Le ragioni per essere ottimisti ci sono, soprattutto in una fase di ripresa. Se i problemi economici impattano sulla natalità, l’uscita dalla crisi può favorire una ripartenza delle nascite. La ricerca in effetti rileva un aumento delle madri di due o più bambini che esprimono il desiderio di avere altri figli, anche se questo sembra riguardare più le straniere. E in ogni caso il rischio può essere anche un altro: che l’abitudine all’insicurezza si sia sedimentata in maniera così forte da avere rivoluzionato comportamenti storici. Il tema dell’insicurezza come ragione della denatalità è più vischioso dei semplici motivi economici e più difficile da aggredire. La crisi della fiducia incide sui desideri e sulla progettualità, e questo aspetto, spiegano le ricercatrici, è più preoccupante di altri fattori legati alla rinuncia ad avere figli.

Le persone, soprattutto le generazioni più giovani, in questi anni hanno conosciuto un aumento significativo della disoccupazione e della precarietà del lavoro, oltre a un calo delle retribuzioni. L’insicurezza tuttavia è un concetto molto ampio, che non riguarda solo i più fragili. Una recente ricerca a cura di Chiara Ludovica Comolli (goo.gl/SkLrUQ), dell’Università di Stoccolma ha dimostrato come la tensione sugli spread vissuta dall’Italia tra il 2011 e il 2012 ha contribuito in modo importante a limare i tassi di natalità. D’altra parte si potrebbe pensare che in un Paese con un elevato debito pubblico come l’Italia, oggi al 130% del Pil, in mancanza di una seria strategia di stabilizzazione dei conti le famiglie possano avere atteggiamenti più prudenti in diversi ambiti, dai consumi alla famiglia.

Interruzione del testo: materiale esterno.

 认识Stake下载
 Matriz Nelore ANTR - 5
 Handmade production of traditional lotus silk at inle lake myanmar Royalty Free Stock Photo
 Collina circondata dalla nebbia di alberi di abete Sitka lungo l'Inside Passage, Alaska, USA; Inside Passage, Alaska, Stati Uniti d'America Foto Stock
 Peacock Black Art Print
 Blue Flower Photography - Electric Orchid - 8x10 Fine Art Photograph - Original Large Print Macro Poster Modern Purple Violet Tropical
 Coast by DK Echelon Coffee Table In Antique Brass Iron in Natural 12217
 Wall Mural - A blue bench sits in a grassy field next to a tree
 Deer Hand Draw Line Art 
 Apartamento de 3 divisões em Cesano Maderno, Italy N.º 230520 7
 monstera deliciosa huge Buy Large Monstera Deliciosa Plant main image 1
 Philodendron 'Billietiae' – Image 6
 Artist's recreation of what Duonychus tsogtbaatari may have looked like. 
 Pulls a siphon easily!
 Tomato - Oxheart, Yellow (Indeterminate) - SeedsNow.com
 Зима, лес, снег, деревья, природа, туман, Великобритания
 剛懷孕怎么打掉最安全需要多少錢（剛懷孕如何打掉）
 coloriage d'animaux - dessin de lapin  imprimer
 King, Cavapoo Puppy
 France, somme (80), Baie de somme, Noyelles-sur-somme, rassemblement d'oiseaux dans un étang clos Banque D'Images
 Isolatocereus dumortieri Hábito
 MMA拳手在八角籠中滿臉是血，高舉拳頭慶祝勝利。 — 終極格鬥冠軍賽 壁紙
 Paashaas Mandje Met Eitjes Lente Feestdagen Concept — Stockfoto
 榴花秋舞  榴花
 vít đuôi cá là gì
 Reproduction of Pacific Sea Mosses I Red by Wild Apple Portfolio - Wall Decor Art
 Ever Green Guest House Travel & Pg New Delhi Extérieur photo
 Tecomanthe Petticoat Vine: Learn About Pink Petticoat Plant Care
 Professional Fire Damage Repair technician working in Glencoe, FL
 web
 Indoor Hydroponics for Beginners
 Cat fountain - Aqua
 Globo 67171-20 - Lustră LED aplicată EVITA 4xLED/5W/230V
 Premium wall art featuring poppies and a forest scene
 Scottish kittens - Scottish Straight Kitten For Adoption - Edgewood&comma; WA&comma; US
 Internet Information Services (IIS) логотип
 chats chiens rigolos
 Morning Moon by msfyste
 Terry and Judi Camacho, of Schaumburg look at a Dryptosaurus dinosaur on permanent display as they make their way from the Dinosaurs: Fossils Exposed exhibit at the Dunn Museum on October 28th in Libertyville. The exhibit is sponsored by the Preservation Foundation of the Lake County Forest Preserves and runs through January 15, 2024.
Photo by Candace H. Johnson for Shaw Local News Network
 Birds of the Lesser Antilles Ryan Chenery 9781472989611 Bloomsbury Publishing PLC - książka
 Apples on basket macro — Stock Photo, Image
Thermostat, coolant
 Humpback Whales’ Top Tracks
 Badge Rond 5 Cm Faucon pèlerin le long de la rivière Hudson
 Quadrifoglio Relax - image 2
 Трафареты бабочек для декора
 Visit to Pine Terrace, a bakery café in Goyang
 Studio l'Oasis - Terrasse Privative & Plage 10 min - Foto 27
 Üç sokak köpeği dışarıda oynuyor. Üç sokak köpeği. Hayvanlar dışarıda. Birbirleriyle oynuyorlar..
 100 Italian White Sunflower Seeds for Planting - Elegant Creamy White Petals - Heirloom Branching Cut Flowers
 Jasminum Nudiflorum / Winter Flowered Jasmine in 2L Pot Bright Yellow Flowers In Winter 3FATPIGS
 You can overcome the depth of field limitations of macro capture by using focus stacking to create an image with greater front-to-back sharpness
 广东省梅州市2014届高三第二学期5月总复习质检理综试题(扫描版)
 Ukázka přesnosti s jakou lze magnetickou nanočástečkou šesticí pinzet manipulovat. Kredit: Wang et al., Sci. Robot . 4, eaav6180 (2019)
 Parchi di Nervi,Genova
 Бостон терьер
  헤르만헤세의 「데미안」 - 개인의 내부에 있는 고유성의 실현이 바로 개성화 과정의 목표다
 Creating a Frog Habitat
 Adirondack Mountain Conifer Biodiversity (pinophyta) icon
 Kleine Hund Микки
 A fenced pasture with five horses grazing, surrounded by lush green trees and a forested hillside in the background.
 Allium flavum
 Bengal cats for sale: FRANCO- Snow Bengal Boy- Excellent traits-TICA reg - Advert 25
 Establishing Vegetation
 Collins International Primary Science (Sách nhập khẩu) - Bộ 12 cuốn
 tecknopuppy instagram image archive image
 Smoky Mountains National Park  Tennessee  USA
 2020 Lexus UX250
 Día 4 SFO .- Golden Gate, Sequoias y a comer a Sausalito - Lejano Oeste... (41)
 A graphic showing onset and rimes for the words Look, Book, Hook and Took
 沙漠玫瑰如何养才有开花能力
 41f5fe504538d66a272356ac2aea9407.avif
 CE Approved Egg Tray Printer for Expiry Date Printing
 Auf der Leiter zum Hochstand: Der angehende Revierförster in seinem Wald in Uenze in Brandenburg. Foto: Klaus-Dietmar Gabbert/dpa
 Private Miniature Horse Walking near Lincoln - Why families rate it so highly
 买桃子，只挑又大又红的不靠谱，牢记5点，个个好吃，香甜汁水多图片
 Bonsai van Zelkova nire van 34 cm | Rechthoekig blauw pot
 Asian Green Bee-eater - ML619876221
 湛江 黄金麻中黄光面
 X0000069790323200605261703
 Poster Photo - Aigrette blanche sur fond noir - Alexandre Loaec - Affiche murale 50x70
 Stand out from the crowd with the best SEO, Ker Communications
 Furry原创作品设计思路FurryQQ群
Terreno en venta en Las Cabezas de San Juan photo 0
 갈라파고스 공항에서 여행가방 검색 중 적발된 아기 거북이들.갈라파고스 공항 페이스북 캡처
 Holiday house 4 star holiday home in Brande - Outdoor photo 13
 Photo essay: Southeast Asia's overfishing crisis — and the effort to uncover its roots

Negli ultimi 40 anni l’Italia non ha mai conosciuto tassi di fecondità particolarmente alti, tuttavia le coppie hanno storicamente manifestato una preferenza netta per la famiglia con due figli. Ancora nel 2012 il 75% delle neo madri con un figlio esprimeva la volontà di avere almeno un altro bambino. Ma se il persistere dell’incertezza trasformasse in breve tempo la ‘regola dei due figli’ in una regola del figlio unico più subìta che voluta? Al momento non sembra essere così. «Non abbiamo indicazioni in questa direzione – spiega Francesca Fiori – in Italia la preferenza per la famiglia con due figli è dura da sovvertire. A differenza di altri Paesi da noi c’è una fetta ampia di desiderio non soddisfatto in fatto di dimensione della famiglia. Perché si mantenga vivo servono soprattutto misure di ampio respiro capaci di creare un contesto favorevole in tutto alle famiglie, dalle politiche per il lavoro ai servizi che favoriscono la conciliazione, dalle misure per ridurre le disuguaglianze a un welfare in grado di rispondere veramente ai bisogni dei genitori».